Not just any statue – Vietnam is littered with them – I had seen a picture of this one in a newsletter from a Vietnam Vets’ organisation. I was keen to make a good impression on the 10 people I had persuaded to join my inaugural Tunnel Rats book tour (with co-author Sandy MacGregor), so I made my charabanc stopping call.
“This is Duong Van Manh,” I said authoritatively to everyone gathered around the statue. That’s what it said on the statue and I assumed it didn’t mean “keep off the grass”. I related the story, cribbed from the newsletter, of how Manh became a hero of the Vietnam war by working out how to steal and recycle anti-personnel mines for use against Allied troops.
“He then travelled all around Phuoc Tuy province and taught villagers and other Vietcong,” I said, gesturing authoritatively to the statue. “The result was devastating for Australian troops who suffered more casualties from their own landmines than from any other single source.”
Standing in the grounds of a small temple in the morning heat, my small, captive audience seemed rapt. Australian troops suffered almost as many casualties from American “Jumping Jack” mines as they did from Vietcong bullets. It was the first morning of the tour and they were already learning stuff they’d never heard before.
It was all going tremendously well until Tam, our official tour guide, sidled up to me. He and the local guide Trang had been deep in conversation throughout my impromptu presentation. “Is wrong hero,” he said with a shy, apologetic smile. “This hero fought in French war, not American war.” Trang nodded her confirmation.
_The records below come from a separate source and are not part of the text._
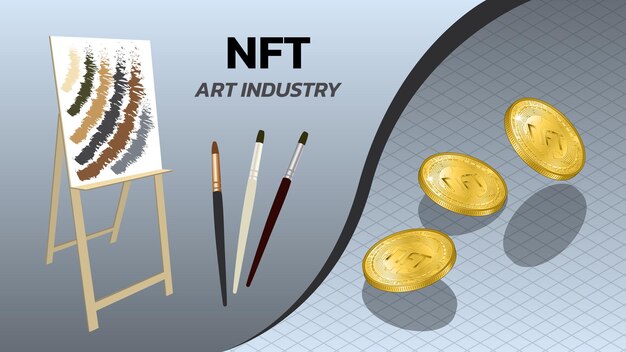 NFT niet-verwisselbare tokens banner van de kunstindustrie met ezelborstels en isometrische vallende munten Betaal voor unieke verzamelobjecten in games of kunst Vectorillustratie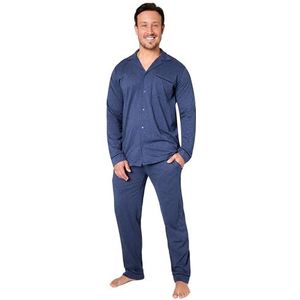 Herenpyjama-set - klassieke nachtkleding met lange mouwen en broekjes met knopen, gezellige katoenen loungewear M-3XL - nachtkleding geschenken voor hem, Donkerblauw, XXL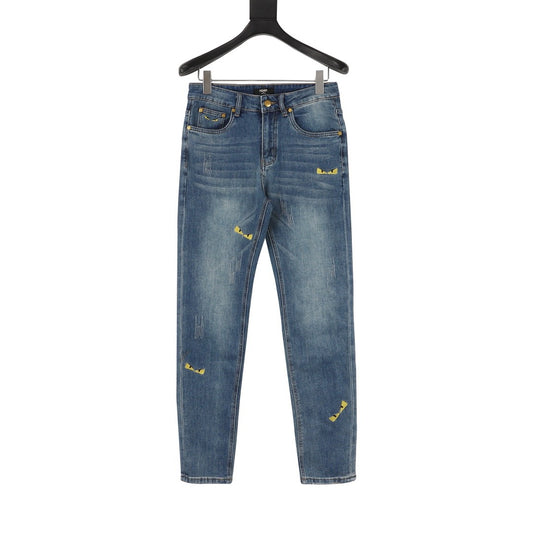 Fend embroidered jeans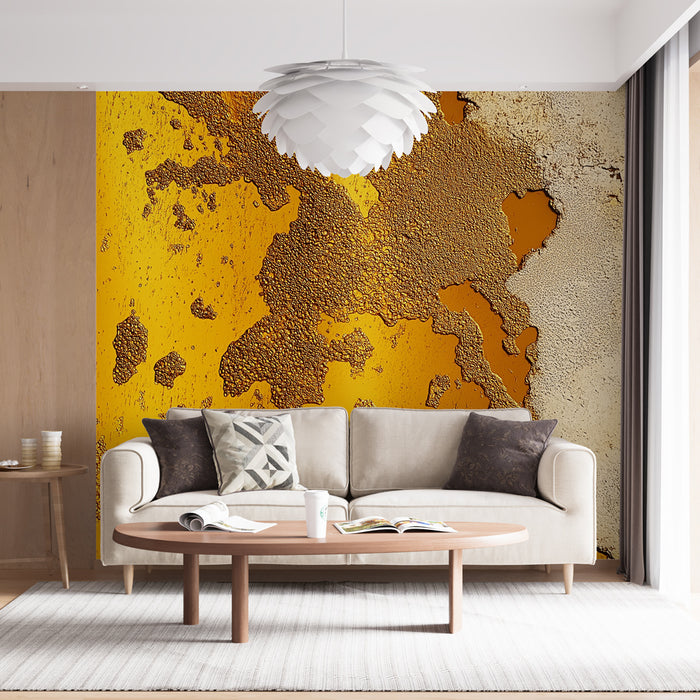 Papier peint texture rouille avec motif vibrant de métaux oxydés, nuances dorées et brunes pour salon moderne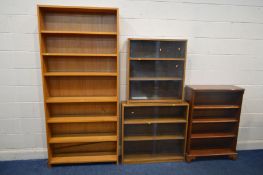 A TALL MODERN BEECH OPEN BOOKCASE, width 92cm x depth 25cm x height 205cm, along with two sized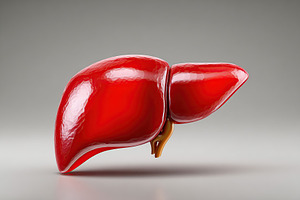 Human liver model displayed on a smooth gray surface in an educational setting, a Photo by AlyaAnd
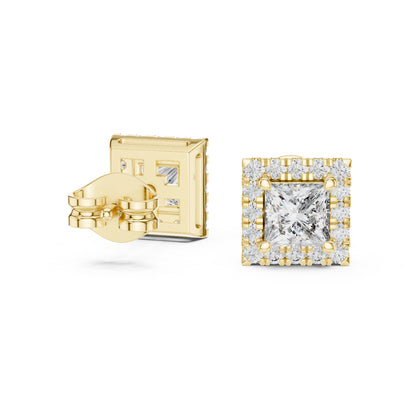 18K Rose Gold Princess & Round Cut Diamond Stud Earrings for Women | Engagement Wear | Pure Carat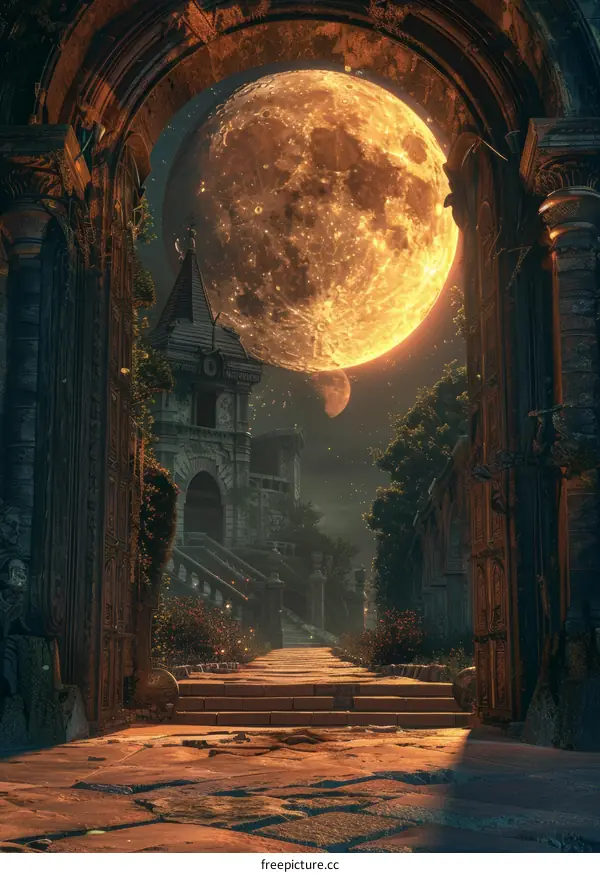 Fantasy Castle Ruins Overgrown with Plants in Moonlight Glow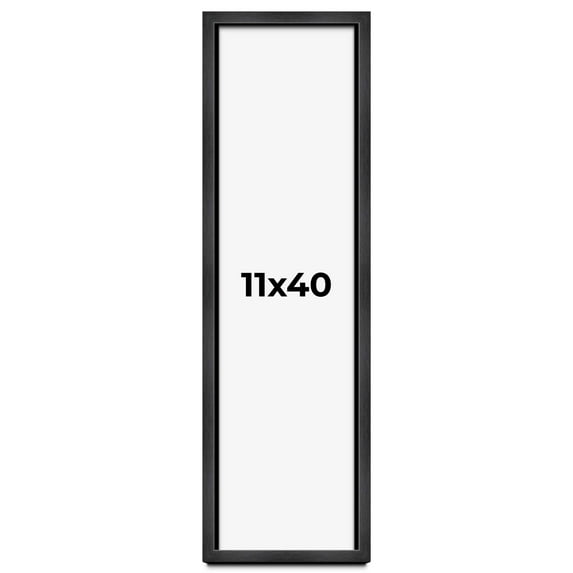 11x40 Shadow Box Frame Grey Charcoal Black | 0.875 Inches Deep | Solid Wood Shadowbox Display Frame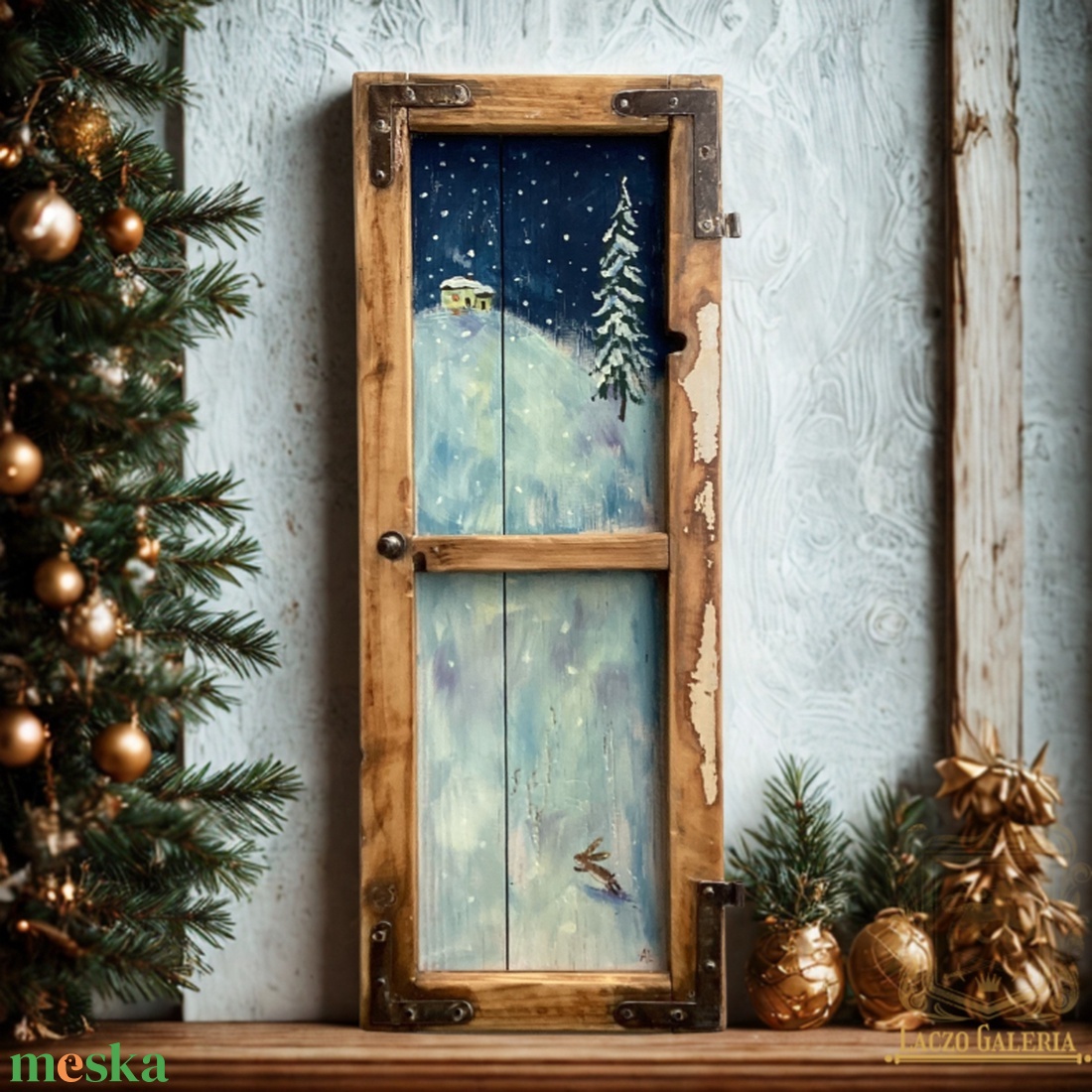 Havas Éjjelen - Ajándék ötlet, Rusztikus Dekoráció,  Fatábla, Ablak, Havas, Tél, Fenyőfa, Gyerekszoba - otthon & életmód - dekoráció - fali és függő dekoráció - falra akasztható dekor - Meska.hu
The statue was definitely the one in the newsletter – that much I got right – and there was a hero who worked out how to recycle land mines. But the person in the story wasn’t the one on the plinth. I ushered everyone back on the bus, my newly-minted reputation as an ace tour guide already in tatters.
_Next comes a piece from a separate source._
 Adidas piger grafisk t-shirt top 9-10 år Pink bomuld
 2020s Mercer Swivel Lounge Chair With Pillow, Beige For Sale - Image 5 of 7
Having avoided organised tours for most of my travelling life, running one didn’t come naturally to me. But Sandy and I’d had our Tunnel Rats book published the previous year and that September I went to Vietnam to see the places where Australian Army Engineers had been stationed. That’s when it occurred to me that this might make the basis for an organised but informal tour.
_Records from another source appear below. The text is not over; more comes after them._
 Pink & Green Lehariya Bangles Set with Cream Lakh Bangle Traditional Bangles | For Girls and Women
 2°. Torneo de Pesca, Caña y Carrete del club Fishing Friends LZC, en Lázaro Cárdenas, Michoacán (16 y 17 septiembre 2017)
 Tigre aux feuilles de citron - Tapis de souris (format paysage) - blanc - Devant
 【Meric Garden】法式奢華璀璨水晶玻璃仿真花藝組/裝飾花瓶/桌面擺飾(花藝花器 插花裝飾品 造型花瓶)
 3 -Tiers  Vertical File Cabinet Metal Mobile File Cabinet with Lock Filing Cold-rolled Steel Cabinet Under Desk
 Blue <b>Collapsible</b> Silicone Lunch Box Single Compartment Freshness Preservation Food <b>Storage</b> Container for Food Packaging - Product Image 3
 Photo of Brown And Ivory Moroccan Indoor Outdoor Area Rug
As a young captain back in 1965, Sandy had led the original Tunnel Rats who were the first to explore the Vietcong tunnel systems, and I knew he could tell the stories that didn’t get into the book. I would look after the day-to-day stuff and talk a bit about modern Vietnam, the writing process, and anything else to while away the journeys between the various Tunnel Rat locations.
We contacted a tour company and they worked out the logistics for us so we didn’t have to look after the money; when it comes to being a debt collector, life’s too short and so am I. We set a minimum of 10 paying guests and a maximum of 16 and gave ourselves four months until the middle of January to round them up.
We made our ten and they were quite a mixture: two twentysomethings who’d never been out of Australia, their Dad, a Digger making his first trip to Vietnam, a couple in their 60s whose friends and family had begged them not to take such an arduous trip, two keen hiking mates, a military historian and an old friend of Sandy’s – an intrepid septuagenarian who took the daily adventure in her stride.
Despite my misidentification of the wrong hero from the wrong war, by day two things were going surprisingly well. We were seeing even more than we had planned, including Vietcong caves that we hadn’t realised we’d be able to explore and an amazing military museum in Vung Tau created by a millionaire expat Brit, displaying weapons and uniforms that went back 1000 years.
We tried to stay away from tourist restaurants, much to Tam’s irritation, and my “naughty but nice” tour of Saigon’s nightlife erred on the ‘nice’ side, including encounters with ballroom dancers in the park and chatty locals who simply wanted to practise their English.
Thankfully, rather than being alarmed by our ‘informal’ approach to schedules, everybody seemed excited by the sense of adventure.
On my solo journeys, or travels with a friend, I have often remarked that there are a lot worse things that can happen than being lost in a strange city. This is where you find the the hidden gems that regular tours can’t include as well as the people who are not jaded by the daily parade of overseas visitors chanting the local variation of the “No souvenirs, thanks” mantra.
But a group of tourists is an organic beast that is already out of it’s comfort zone and it instinctively seeks safety and security as much as it wants excitement, entertainment and edification.
So we gently nudge, encourage and explore. And, in the spirit of the Tunnel Rats, occasionally discover something entirely unexpected and amazing.